Un seul épisode a marqué mon regard. Dans le pavillon français l’enthousiasme s’est porté sur les robot d’Aldébaran. La foule tentait d’attirer le regard de quelques robots hagards. Des machines, comme des singes, auquel on adresse un signe de la main espérant qu’il répondent. Et cette étrangeté que nous pourrions être aussi ces singes auxquels on s’adresse avec un minimum de signe. L’humanité ne serait pas une essence, mais juste cette chose qui répond au signe de l’autre. Robot, singe ou humain qu’importe, pourvu que l’apparence se prête au plus belles analogies. Que Pourcel fusse une forme de restaurant impérial- j’ai goutté il y a vingt ans à la plus subtile des cuisines qui fait d’une peau de concombre la volupté la plus extrême, que LVMH ait semé de fort belles étoiles qui disent la puissance de l’argent, c’est face au robot que l’émotion s’est manifestée.

Ces villageois meurtris par des siècles de guerre cherchent encore dans le signe de l’autre, une réponse à ses signes.
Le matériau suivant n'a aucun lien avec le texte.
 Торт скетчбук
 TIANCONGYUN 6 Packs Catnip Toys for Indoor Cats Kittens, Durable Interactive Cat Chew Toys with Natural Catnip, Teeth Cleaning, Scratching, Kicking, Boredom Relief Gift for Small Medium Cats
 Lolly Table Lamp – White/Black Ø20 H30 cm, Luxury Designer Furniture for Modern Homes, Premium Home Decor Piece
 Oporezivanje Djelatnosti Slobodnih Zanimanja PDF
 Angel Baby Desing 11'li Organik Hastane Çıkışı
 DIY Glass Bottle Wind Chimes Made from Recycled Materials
Ne cherchons pas la puissance dans ce pays immense, regardons-y l’intelligence d’un village assailli. Les monstres n’ont pas de visage. Juste les gestes de la tyrannie. L’humanité n’a pas de forme, juste celle d’un salut. Un signe de tête une réponse à la main qui se tend.

Que nous fussions là, n’a pas d’importance. L’humanité ne se fait pas dans l’universel, mais dans cette nécessité de la rencontre. Cette exposition s’est faite parce que je l’ai visitée. Ces romans sont là parce que je les ai lu, l’humanité demeure par ce fait insignifiant, qu’ils puissent signifier.
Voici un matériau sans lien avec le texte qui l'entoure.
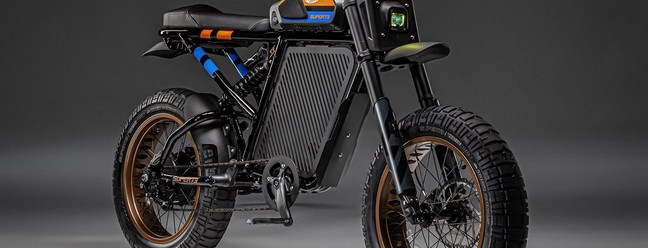 A e-bike tem 64 km de autonomia — Foto: Divulgação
L’étrange de cette histoire, est que si nous n’avions pas été là, rien ne serait. Ne cherchez pas les causes. Il n’y en a aucune, mas si nous n’étions pas là il n’y aurait rien. Le hasard du monde fait que nous nous rencontrions. Et là est la nature du monde. Dans ce nombril du monde, la vérité surgit, même s’il n’y a aucune vérité, ce qui fait que nous nous rencontrons est la vérité du monde.
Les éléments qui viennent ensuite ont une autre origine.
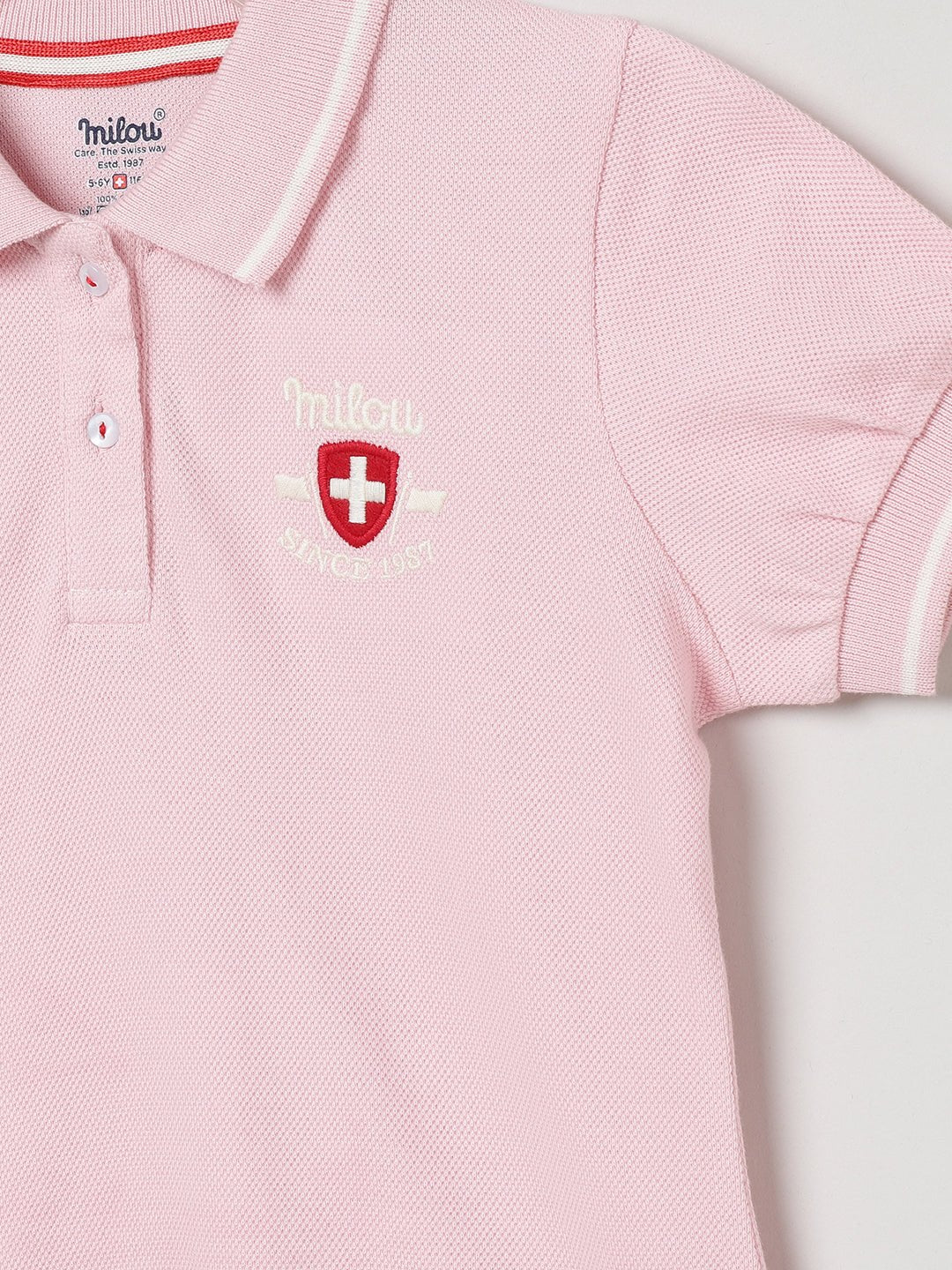 Milou Girls Polo T-Shirt Pink - Milou - Care. The Swiss WayTops & T-shirts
Le village ne serait rien. Mais s’y croise le monde. Nous n’en connaissons pas les causes. Et sans doute il n’y en a pas. L’accident suffit pour que nous nous y rencontrions. Cela suffit pour donner un sens au monde. Nous ne partageons pas la même nature, mais nous pouvons nous rencontrer. Nous sommes là, parce que si nous n’étions pas là, le monde ne serait pas.Je ne sais comment pense la Chine. Je doute savoir un jour. Je sais qu’elle n’est pas un empire. Elle célèbre l’argent, et construit des tours. Elle dit une histoire que l’on ne peut entendre et cette histoire nous parle. Sans nécessité. Elle nous parle car nous sommes là. Et que si nous n’avions été différents rien n’aurait été.

Au centre du monde donc, il n’y a que la douleur d’être parcourue par les tourmentes, la condition humaine qui fait du talent moins une essence qu’une contingence, mais surtout pour que le centre du monde soit vraiment en son centre, qu’une étrangeté la visite. Un étranger, des fantômes, un témoin. Mais ce n’est pas assez, dans un et l’autre des deux romans, si l’Histoire se fait en bouleversant un village, le roman, une histoire, se construit au-delà du village. Le centre du monde pour être au monde doit en sortir et voyager. Aller à la rencontre de l’autre, franchir les murailles de chine, celle de la douleur, du regret, des humiliations.

Retournant ainsi la question de la civilisation et celle de la culture comme on retourne un gant, on peut s’apercevoir que ce l’on croyais millénaire ne se réalise finalement qu’au regard de l’autre dans cette double exposition du village ouvert à la vue de l’étranger et du villageois qui va au-delà des murailles du monde.

Le temps de cette exposition j’y aurais eu une belle discussion. La culture est-elle une convention? Cet accord commun sans origine qui s’impose à tous, ne coûte rien. Nous ne l’avons pas résolue, mais de mon point de vue au moins j’y ai découvert une chose, que la forme ne devient culture qu’exposée au rapport de l’autre, et que si ses formes peuvent se stabiliser dans l’espace social, c’est moins par une essence que par une relation.